> _The task_
What you write should match, word for word, the lines from the one containing "GMC Sierra photo 15" through the end of the data, with no pictures.

> _Collected data_
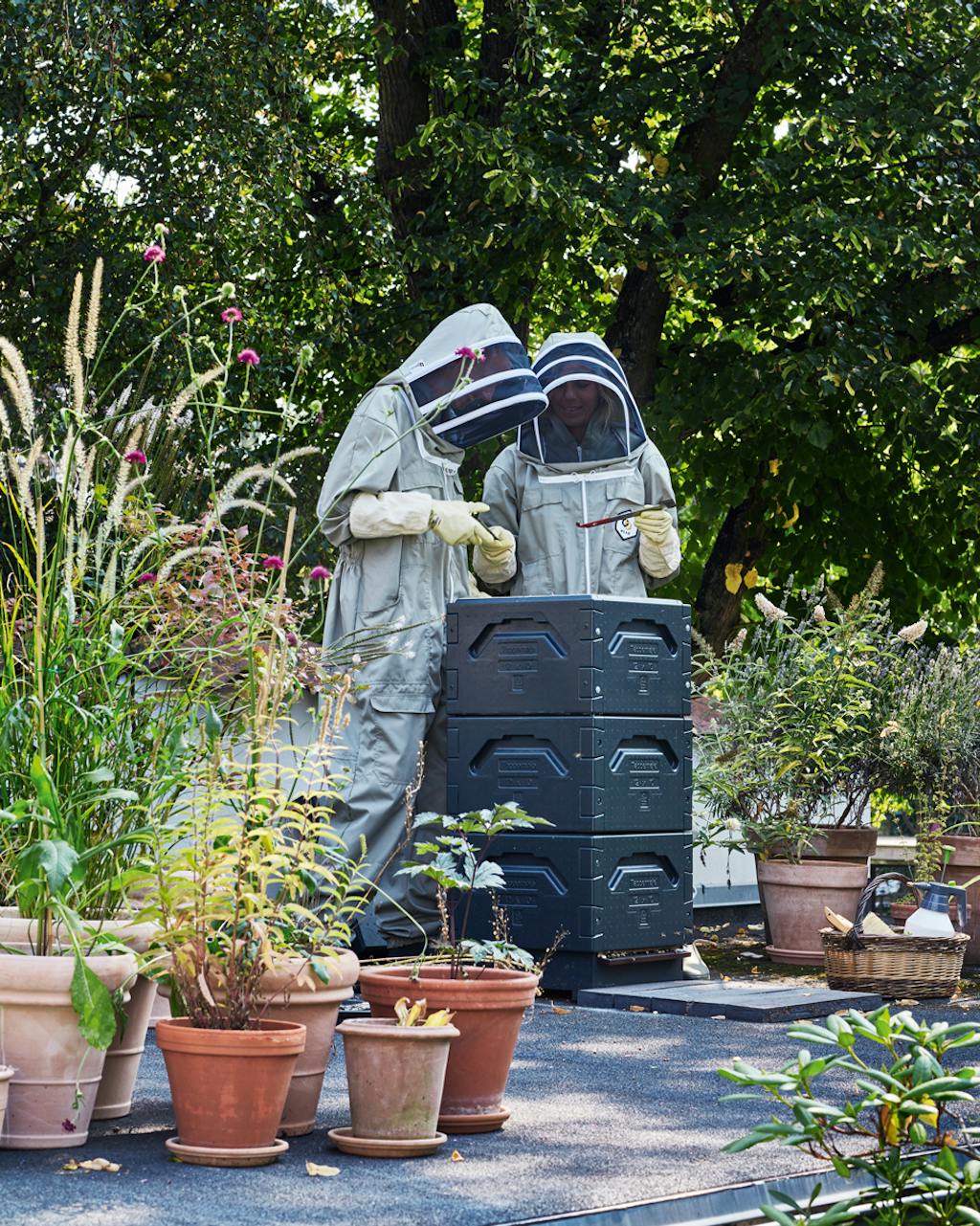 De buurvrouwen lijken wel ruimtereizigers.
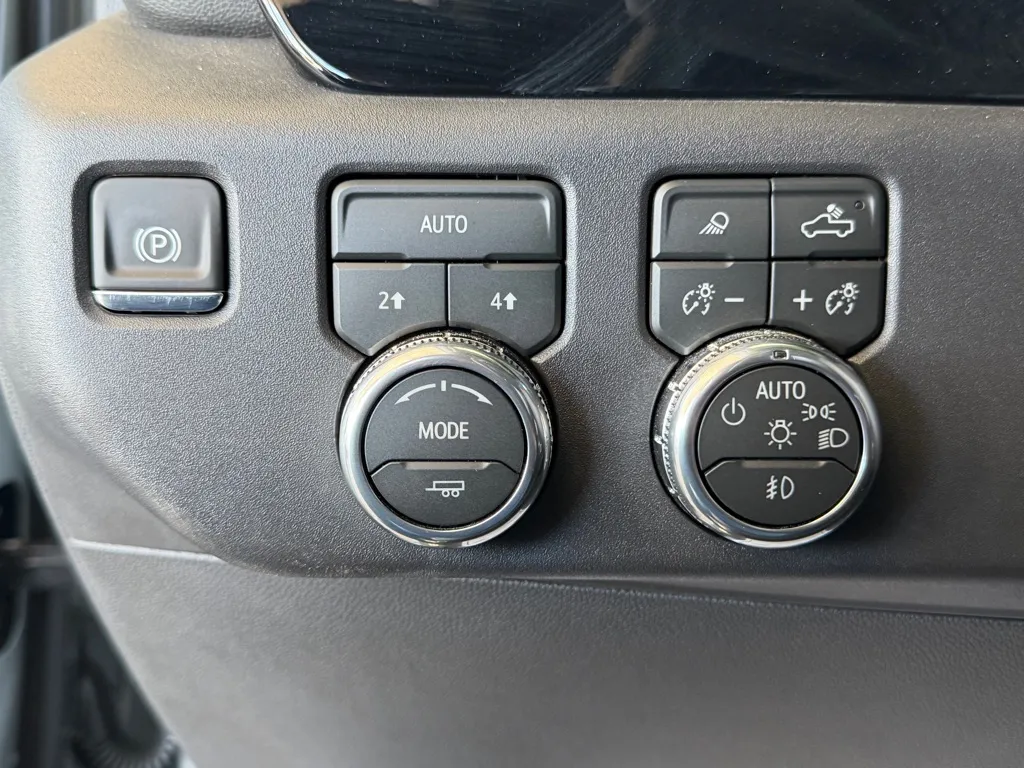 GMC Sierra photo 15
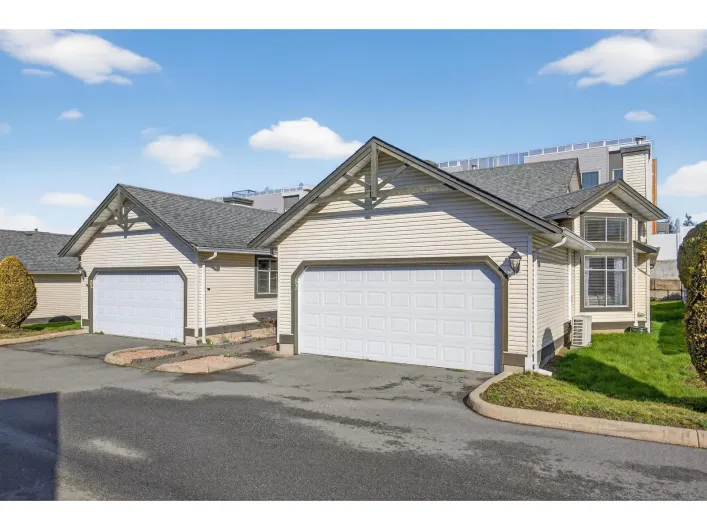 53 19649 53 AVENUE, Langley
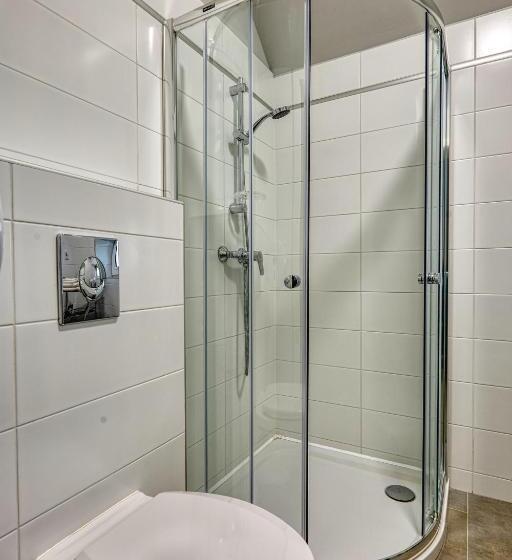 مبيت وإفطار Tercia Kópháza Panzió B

> _Result of the exercise_
 GMC Sierra photo 15
 53 19649 53 AVENUE, Langley
 مبيت وإفطار Tercia Kópháza Panzió B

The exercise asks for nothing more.